### Try it
Your job is to transcribe the material exactly, every line included.

### Entries supplied

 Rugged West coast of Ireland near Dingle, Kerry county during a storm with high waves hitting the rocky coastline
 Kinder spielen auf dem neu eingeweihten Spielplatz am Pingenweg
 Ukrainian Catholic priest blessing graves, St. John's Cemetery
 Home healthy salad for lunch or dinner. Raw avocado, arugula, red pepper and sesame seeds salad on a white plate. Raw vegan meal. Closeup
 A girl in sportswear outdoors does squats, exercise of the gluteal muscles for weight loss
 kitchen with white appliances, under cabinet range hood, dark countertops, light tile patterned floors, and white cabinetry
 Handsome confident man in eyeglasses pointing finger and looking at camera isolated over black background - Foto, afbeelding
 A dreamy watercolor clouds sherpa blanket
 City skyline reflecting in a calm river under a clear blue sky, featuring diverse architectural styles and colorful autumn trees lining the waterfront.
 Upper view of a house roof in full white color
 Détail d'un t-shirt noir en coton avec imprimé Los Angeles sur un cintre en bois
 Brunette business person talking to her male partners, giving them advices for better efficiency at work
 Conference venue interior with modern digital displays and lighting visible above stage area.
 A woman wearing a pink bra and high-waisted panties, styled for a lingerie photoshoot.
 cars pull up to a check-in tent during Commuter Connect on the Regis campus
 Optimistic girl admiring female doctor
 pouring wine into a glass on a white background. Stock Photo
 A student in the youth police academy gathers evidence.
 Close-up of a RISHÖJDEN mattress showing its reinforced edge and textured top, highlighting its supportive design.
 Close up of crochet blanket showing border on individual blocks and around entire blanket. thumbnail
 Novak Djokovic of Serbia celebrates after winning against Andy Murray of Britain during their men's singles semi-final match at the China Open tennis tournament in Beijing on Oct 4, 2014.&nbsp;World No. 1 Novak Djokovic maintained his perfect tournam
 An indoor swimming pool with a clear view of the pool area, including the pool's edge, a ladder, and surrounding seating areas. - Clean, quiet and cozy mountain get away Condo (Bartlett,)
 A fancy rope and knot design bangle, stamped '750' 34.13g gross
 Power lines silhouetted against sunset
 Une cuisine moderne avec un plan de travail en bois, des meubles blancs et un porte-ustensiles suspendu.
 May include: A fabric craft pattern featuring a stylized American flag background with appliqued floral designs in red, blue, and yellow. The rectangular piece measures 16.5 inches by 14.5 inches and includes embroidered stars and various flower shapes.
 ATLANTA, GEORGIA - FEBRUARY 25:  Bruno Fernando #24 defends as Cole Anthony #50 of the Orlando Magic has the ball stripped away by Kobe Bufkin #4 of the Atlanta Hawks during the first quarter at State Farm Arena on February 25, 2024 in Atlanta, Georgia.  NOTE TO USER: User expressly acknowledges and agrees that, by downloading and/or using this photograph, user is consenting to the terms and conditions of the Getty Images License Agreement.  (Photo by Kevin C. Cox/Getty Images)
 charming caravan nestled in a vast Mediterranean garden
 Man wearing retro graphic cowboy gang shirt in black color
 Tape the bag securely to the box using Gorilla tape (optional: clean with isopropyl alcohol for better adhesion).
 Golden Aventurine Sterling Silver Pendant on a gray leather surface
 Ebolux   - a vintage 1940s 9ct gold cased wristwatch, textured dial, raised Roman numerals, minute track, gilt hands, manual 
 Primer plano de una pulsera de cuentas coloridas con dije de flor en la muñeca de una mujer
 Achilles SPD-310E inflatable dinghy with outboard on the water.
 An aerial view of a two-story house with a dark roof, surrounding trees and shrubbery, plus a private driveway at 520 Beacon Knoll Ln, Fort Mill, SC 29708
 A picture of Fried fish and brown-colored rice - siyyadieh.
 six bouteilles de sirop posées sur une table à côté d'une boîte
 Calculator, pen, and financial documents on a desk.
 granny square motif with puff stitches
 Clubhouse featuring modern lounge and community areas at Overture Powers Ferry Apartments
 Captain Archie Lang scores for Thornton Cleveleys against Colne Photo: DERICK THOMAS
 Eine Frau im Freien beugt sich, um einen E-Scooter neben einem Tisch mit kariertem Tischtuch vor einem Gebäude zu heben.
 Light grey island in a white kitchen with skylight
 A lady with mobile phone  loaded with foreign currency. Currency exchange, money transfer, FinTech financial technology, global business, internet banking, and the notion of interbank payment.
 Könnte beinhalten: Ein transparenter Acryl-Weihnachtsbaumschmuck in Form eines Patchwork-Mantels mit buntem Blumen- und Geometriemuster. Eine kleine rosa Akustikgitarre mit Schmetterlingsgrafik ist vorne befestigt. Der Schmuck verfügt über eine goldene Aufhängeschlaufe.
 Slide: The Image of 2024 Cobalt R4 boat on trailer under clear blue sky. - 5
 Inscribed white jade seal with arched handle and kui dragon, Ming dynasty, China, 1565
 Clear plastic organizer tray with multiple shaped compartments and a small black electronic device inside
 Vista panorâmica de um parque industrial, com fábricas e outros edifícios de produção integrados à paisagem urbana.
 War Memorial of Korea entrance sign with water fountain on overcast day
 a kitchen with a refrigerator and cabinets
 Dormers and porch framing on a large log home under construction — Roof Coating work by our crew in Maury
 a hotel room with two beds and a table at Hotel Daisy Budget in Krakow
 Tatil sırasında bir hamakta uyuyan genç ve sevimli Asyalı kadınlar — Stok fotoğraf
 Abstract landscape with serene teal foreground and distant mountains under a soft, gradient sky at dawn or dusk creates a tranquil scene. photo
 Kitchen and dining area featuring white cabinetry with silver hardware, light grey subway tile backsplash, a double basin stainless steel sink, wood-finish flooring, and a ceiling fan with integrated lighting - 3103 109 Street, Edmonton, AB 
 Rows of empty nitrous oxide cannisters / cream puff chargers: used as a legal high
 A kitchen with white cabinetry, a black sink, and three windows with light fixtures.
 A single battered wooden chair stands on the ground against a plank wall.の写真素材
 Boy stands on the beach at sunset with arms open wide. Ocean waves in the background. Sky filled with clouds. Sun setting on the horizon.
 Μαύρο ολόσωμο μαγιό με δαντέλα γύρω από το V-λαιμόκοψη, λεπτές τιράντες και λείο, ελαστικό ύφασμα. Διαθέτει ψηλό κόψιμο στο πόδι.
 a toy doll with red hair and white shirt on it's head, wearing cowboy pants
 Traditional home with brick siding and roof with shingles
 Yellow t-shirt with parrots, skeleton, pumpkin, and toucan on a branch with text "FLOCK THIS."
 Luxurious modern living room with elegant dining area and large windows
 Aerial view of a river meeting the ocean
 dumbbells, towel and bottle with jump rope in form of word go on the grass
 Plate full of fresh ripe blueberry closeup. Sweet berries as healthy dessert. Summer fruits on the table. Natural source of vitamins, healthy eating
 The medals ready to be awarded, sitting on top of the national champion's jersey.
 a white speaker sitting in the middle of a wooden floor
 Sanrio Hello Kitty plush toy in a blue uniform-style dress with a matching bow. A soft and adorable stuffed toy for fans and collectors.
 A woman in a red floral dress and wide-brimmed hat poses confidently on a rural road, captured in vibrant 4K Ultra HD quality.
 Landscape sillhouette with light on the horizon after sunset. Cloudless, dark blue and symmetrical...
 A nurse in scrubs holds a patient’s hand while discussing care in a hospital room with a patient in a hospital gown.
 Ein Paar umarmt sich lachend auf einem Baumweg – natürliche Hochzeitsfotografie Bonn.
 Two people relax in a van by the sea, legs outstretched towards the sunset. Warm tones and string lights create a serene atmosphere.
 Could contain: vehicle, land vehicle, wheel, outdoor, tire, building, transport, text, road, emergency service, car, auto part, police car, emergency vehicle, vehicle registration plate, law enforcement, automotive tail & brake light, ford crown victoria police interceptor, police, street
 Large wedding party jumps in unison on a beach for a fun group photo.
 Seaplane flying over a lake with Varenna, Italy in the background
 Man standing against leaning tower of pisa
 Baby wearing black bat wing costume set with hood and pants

### Solution for this task
 Rugged West coast of Ireland near Dingle, Kerry county during a storm with high waves hitting the rocky coastline
 Kinder spielen auf dem neu eingeweihten Spielplatz am Pingenweg
 Ukrainian Catholic priest blessing graves, St. John's Cemetery
 Home healthy salad for lunch or dinner. Raw avocado, arugula, red pepper and sesame seeds salad on a white plate. Raw vegan meal. Closeup
 A girl in sportswear outdoors does squats, exercise of the gluteal muscles for weight loss
 kitchen with white appliances, under cabinet range hood, dark countertops, light tile patterned floors, and white cabinetry
 Handsome confident man in eyeglasses pointing finger and looking at camera isolated over black background - Foto, afbeelding
 A dreamy watercolor clouds sherpa blanket
 City skyline reflecting in a calm river under a clear blue sky, featuring diverse architectural styles and colorful autumn trees lining the waterfront.
 Upper view of a house roof in full white color
 Détail d'un t-shirt noir en coton avec imprimé Los Angeles sur un cintre en bois
 Brunette business person talking to her male partners, giving them advices for better efficiency at work
 Conference venue interior with modern digital displays and lighting visible above stage area.
 A woman wearing a pink bra and high-waisted panties, styled for a lingerie photoshoot.
 cars pull up to a check-in tent during Commuter Connect on the Regis campus
 Optimistic girl admiring female doctor
 pouring wine into a glass on a white background. Stock Photo
 A student in the youth police academy gathers evidence.
 Close-up of a RISHÖJDEN mattress showing its reinforced edge and textured top, highlighting its supportive design.
 Close up of crochet blanket showing border on individual blocks and around entire blanket. thumbnail
 Novak Djokovic of Serbia celebrates after winning against Andy Murray of Britain during their men's singles semi-final match at the China Open tennis tournament in Beijing on Oct 4, 2014.&nbsp;World No. 1 Novak Djokovic maintained his perfect tournam
 An indoor swimming pool with a clear view of the pool area, including the pool's edge, a ladder, and surrounding seating areas. - Clean, quiet and cozy mountain get away Condo (Bartlett,)
 A fancy rope and knot design bangle, stamped '750' 34.13g gross
 Power lines silhouetted against sunset
 Une cuisine moderne avec un plan de travail en bois, des meubles blancs et un porte-ustensiles suspendu.
 May include: A fabric craft pattern featuring a stylized American flag background with appliqued floral designs in red, blue, and yellow. The rectangular piece measures 16.5 inches by 14.5 inches and includes embroidered stars and various flower shapes.
 ATLANTA, GEORGIA - FEBRUARY 25:  Bruno Fernando #24 defends as Cole Anthony #50 of the Orlando Magic has the ball stripped away by Kobe Bufkin #4 of the Atlanta Hawks during the first quarter at State Farm Arena on February 25, 2024 in Atlanta, Georgia.  NOTE TO USER: User expressly acknowledges and agrees that, by downloading and/or using this photograph, user is consenting to the terms and conditions of the Getty Images License Agreement.  (Photo by Kevin C. Cox/Getty Images)
 charming caravan nestled in a vast Mediterranean garden
 Man wearing retro graphic cowboy gang shirt in black color
 Tape the bag securely to the box using Gorilla tape (optional: clean with isopropyl alcohol for better adhesion).
 Golden Aventurine Sterling Silver Pendant on a gray leather surface
 Ebolux   - a vintage 1940s 9ct gold cased wristwatch, textured dial, raised Roman numerals, minute track, gilt hands, manual 
 Primer plano de una pulsera de cuentas coloridas con dije de flor en la muñeca de una mujer
 Achilles SPD-310E inflatable dinghy with outboard on the water.
 An aerial view of a two-story house with a dark roof, surrounding trees and shrubbery, plus a private driveway at 520 Beacon Knoll Ln, Fort Mill, SC 29708
 A picture of Fried fish and brown-colored rice - siyyadieh.
 six bouteilles de sirop posées sur une table à côté d'une boîte
 Calculator, pen, and financial documents on a desk.
 granny square motif with puff stitches
 Clubhouse featuring modern lounge and community areas at Overture Powers Ferry Apartments
 Captain Archie Lang scores for Thornton Cleveleys against Colne Photo: DERICK THOMAS
 Eine Frau im Freien beugt sich, um einen E-Scooter neben einem Tisch mit kariertem Tischtuch vor einem Gebäude zu heben.
 Light grey island in a white kitchen with skylight
 A lady with mobile phone  loaded with foreign currency. Currency exchange, money transfer, FinTech financial technology, global business, internet banking, and the notion of interbank payment.
 Könnte beinhalten: Ein transparenter Acryl-Weihnachtsbaumschmuck in Form eines Patchwork-Mantels mit buntem Blumen- und Geometriemuster. Eine kleine rosa Akustikgitarre mit Schmetterlingsgrafik ist vorne befestigt. Der Schmuck verfügt über eine goldene Aufhängeschlaufe.
 Slide: The Image of 2024 Cobalt R4 boat on trailer under clear blue sky. - 5
 Inscribed white jade seal with arched handle and kui dragon, Ming dynasty, China, 1565
 Clear plastic organizer tray with multiple shaped compartments and a small black electronic device inside
 Vista panorâmica de um parque industrial, com fábricas e outros edifícios de produção integrados à paisagem urbana.
 War Memorial of Korea entrance sign with water fountain on overcast day
 a kitchen with a refrigerator and cabinets
 Dormers and porch framing on a large log home under construction — Roof Coating work by our crew in Maury
 a hotel room with two beds and a table at Hotel Daisy Budget in Krakow
 Tatil sırasında bir hamakta uyuyan genç ve sevimli Asyalı kadınlar — Stok fotoğraf
 Abstract landscape with serene teal foreground and distant mountains under a soft, gradient sky at dawn or dusk creates a tranquil scene. photo
 Kitchen and dining area featuring white cabinetry with silver hardware, light grey subway tile backsplash, a double basin stainless steel sink, wood-finish flooring, and a ceiling fan with integrated lighting - 3103 109 Street, Edmonton, AB 
 Rows of empty nitrous oxide cannisters / cream puff chargers: used as a legal high
 A kitchen with white cabinetry, a black sink, and three windows with light fixtures.
 A single battered wooden chair stands on the ground against a plank wall.の写真素材
 Boy stands on the beach at sunset with arms open wide. Ocean waves in the background. Sky filled with clouds. Sun setting on the horizon.
 Μαύρο ολόσωμο μαγιό με δαντέλα γύρω από το V-λαιμόκοψη, λεπτές τιράντες και λείο, ελαστικό ύφασμα. Διαθέτει ψηλό κόψιμο στο πόδι.
 a toy doll with red hair and white shirt on it's head, wearing cowboy pants
 Traditional home with brick siding and roof with shingles
 Yellow t-shirt with parrots, skeleton, pumpkin, and toucan on a branch with text "FLOCK THIS."
 Luxurious modern living room with elegant dining area and large windows
 Aerial view of a river meeting the ocean
 dumbbells, towel and bottle with jump rope in form of word go on the grass
 Plate full of fresh ripe blueberry closeup. Sweet berries as healthy dessert. Summer fruits on the table. Natural source of vitamins, healthy eating
 The medals ready to be awarded, sitting on top of the national champion's jersey.
 a white speaker sitting in the middle of a wooden floor
 Sanrio Hello Kitty plush toy in a blue uniform-style dress with a matching bow. A soft and adorable stuffed toy for fans and collectors.
 A woman in a red floral dress and wide-brimmed hat poses confidently on a rural road, captured in vibrant 4K Ultra HD quality.
 Landscape sillhouette with light on the horizon after sunset. Cloudless, dark blue and symmetrical...
 A nurse in scrubs holds a patient’s hand while discussing care in a hospital room with a patient in a hospital gown.
 Ein Paar umarmt sich lachend auf einem Baumweg – natürliche Hochzeitsfotografie Bonn.
 Two people relax in a van by the sea, legs outstretched towards the sunset. Warm tones and string lights create a serene atmosphere.
 Could contain: vehicle, land vehicle, wheel, outdoor, tire, building, transport, text, road, emergency service, car, auto part, police car, emergency vehicle, vehicle registration plate, law enforcement, automotive tail & brake light, ford crown victoria police interceptor, police, street
 Large wedding party jumps in unison on a beach for a fun group photo.
 Seaplane flying over a lake with Varenna, Italy in the background
 Man standing against leaning tower of pisa
 Baby wearing black bat wing costume set with hood and pants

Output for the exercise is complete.